> _TRY IT_:
Your answer must be an exact transcription of the data, with every picture omitted.

> _INFORMATION PROVIDED_:
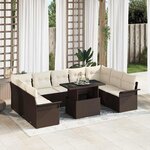 vidaXL Ensemble de canapé de jardin 10 Pièces Marron Poly rotin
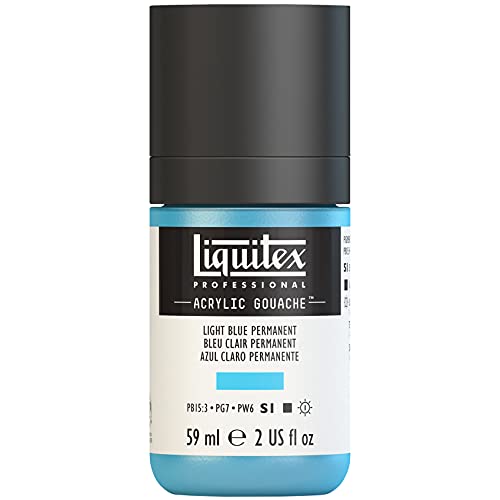 Liquitex 2059770 'Liquitex Professional Acrylic Gouache, Acrylfarbe mit Gouache Eigenschaften, Lichtecht, wasserfest, 59ml Dosier - Flasche - Hellblau Permanent von Liquitex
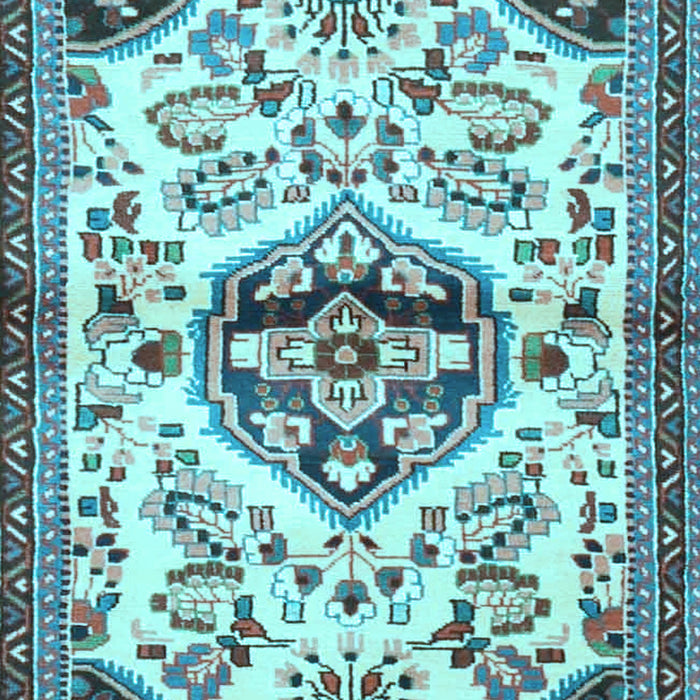 Machine Washable Persian Light Blue Traditional Rug, wshtr4400lblu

> _YOUR RESPONSE_:
 vidaXL Ensemble de canapé de jardin 10 Pièces Marron Poly rotin
 Liquitex 2059770 'Liquitex Professional Acrylic Gouache, Acrylfarbe mit Gouache Eigenschaften, Lichtecht, wasserfest, 59ml Dosier - Flasche - Hellblau Permanent von Liquitex
 Machine Washable Persian Light Blue Traditional Rug, wshtr4400lblu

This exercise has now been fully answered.